Description of key information
No additional data available.
Additional information

Glycerin 3 EOTA was tested in a Combined Repeated Dose Toxicity Study with the Reproduction/Developmental Toxicity Screening Test according to OECD TG 422 and in compliance with GLP regulations by BASF SE (2010). The substance was administered orally via gavage to groups of 10 male and 10 female Wistar rats (F0 animals) at doses of 50, 150, and 500 mg/kg body weight/day. Control animals were dosed daily with the vehicle (1% Carboxymethylcellulose suspension in drinking water). The duration of treatment covered a 2-week pre-mating and mating period in both sexes, approximately 1 week post-mating in males, and the entire gestation period as well as 4 days of lactation in females.

 

After 2 weeks of premating treatment F0 animals were mated to produce F1 generation pups. Mating pairs were from the same test group. Mating was discontinued as soon as sperm was detected in the vaginal smear. F0 animals were examined for their reproductive performance including determination of the number of implantation sites and the calculation of postimplantation loss for all F0 females. A detailed clinical observation (DCO) was performed in all animals before test substance administration and thereafter at weekly intervals. Food consumption of the F0 parents was determined once weekly during premating. In dams food consumption was determined for gestation days 0-7, 7-14, 14-20 and lactation days 1-4. Body weights of F0 parents were determined once a week, in males throughout the study and in females during premating. During gestation and lactation period, F0 females were weighed on gestation days (GD) 0, 7, 14 and 20, on the day of parturition (postnatal day [PND] 0) and on PND 4. Pups were sexed on PND 0 and weighed one day after birth and on PND 4. Their viability was recorded twice daily on each workday or only in the morning on Saturday and Sunday. On PND 4 all pups were sacrificed under Isoflurane anesthesia with CO2and were examined macroscopically. Clinicochemical and hematological examinations as well as urinalyses were performed in 5 parental males and females per group towards the end of the administration period. At the end of the administration period a functional observational battery was performed and motor activity was measured in 5 parental males and females per group. All surviving F0 parental animals were sacrificed by decapitation, under Isoflurane anesthesia, and were assessed by gross pathology. Organ weights were recorded and a histopathological examination was performed.

 

Clinically, distinct toxicity was noted in the F0 males and F0 females at 500 mg/kg bw/d. Mortality in 4 high-dose males and 3 high-dose females as well as clinical observations such as respiratory sounds, labored respiration and piloerection were observed during major parts of treatment. These findings were also observed in individual males at 150 mg/kg bw/d, however, they were less severe and no mortality was observed there.

 

Pathology (see below) confirmed that mortality and adverse clinical observations were subsequent to local irritant effects of the test substance in the fore- and glandular stomach. Also, reduced food consumption in males and females during premating and reduced body weights/body weight gain in males are considered to be secondary to these local effects. Thus, these distinct adverse effects, in particular mortality, are not regarded to be due to systemic toxicity of Glycerin 3 EOTA.

 

Clinical pathology revealed a slight anemia in mid- and high-dose females (150 and 500 mg/kg bw/d) indicated by reduced RBC counts, haemoglobin and hematocrit values. Maybe, anemia was due to erosions and ulcers in the forestomach and glandular stomach of rats of both sexes in the mentioned dose groups. Females seemed to be more prone to anemia due to gestation and lactation.

 

Pathology and histopathology revealed fore- and glandular stomach, liver lymph node, duodenum, and liver as target organs in this study.
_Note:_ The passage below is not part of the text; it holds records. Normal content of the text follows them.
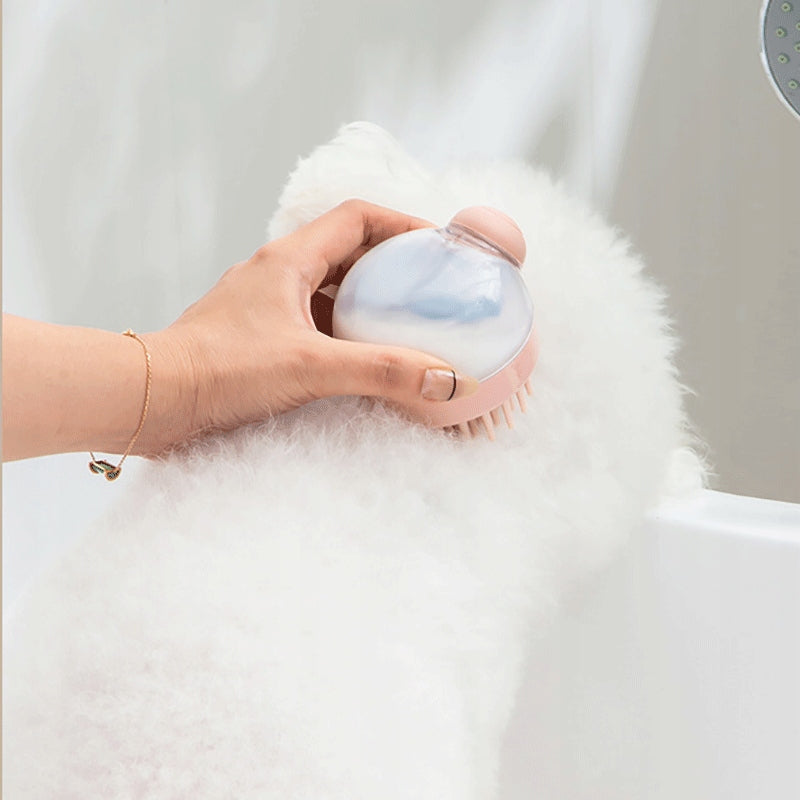 Silicone bath brush lathering soft white fur – Malpetit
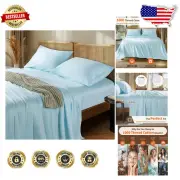 All-Season 1000TC King Size Egyptian Cotton Bed Sheets, Deep Pocket - Light Blue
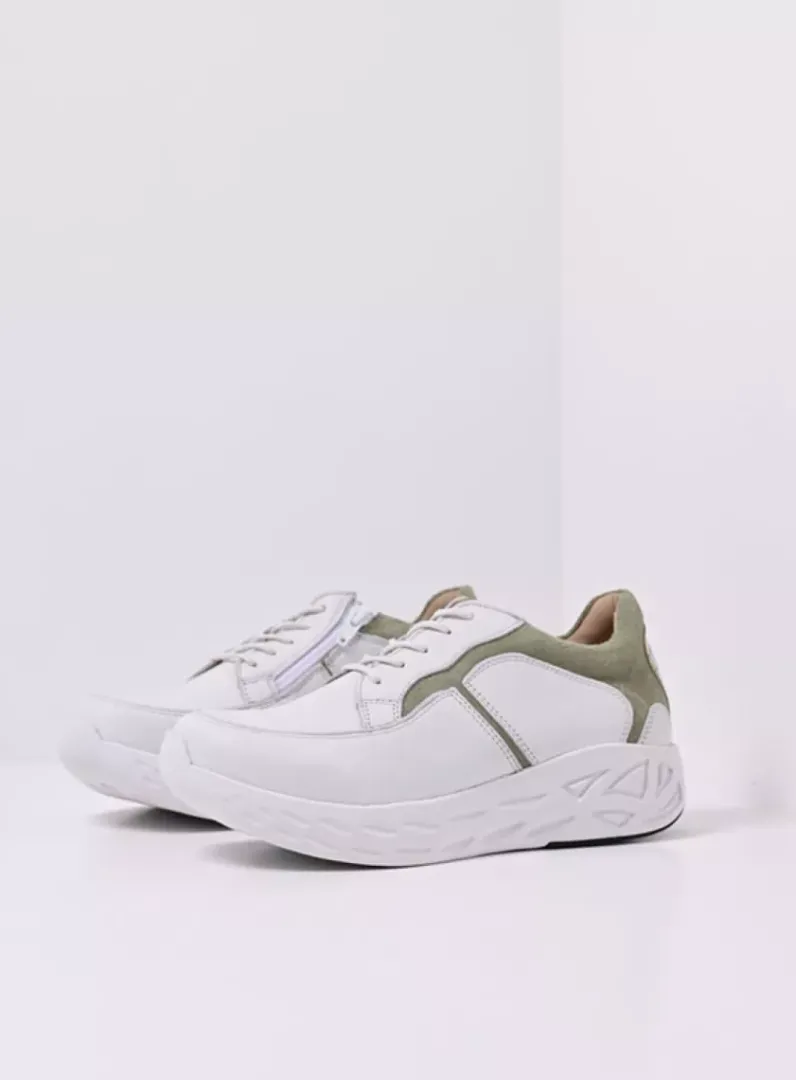 Fashion Wolky Bounce - wit/lichtgroen leer wit/lichtgroenleer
In the forestomach, erosions or ulcers were noted in 7 males and one female of test group 2 (150 mg/kg bw/day) as well as in all males and females of test group 3 (500 mg/kg bw/day). The erosions or ulcers were associated with inflammation. Their occurrence is regarded to be the primary response to an irritant effect of the test substance. As proliferative response secondary to ulceration, squamous cell hyperplasia was observed in 8 males and one female of test groups 2 (150 mg/kg bw/day) as well as in all males and 9 females of test group 3 (500 mg/kg bw/day). The severity of the squamous cell hyperplasia was dose-related increased. The occurrence of erosions or ulcers and squamous cell hyperplasia is considered to be treatment-related and adverse.

In the glandular stomach, the test substance led to erosions or ulcers that were observed in 5 males and 2 females of test group 3 (500 mg/kg bw/day). In addition, focal hyperemia was noted in 4 males and 2 females of test group 3 (500 mg/kg bw/day). Erosions or ulcers and the focal hyperemia are considered as consequence of irritant effects of the test substance and are regarded to be adverse.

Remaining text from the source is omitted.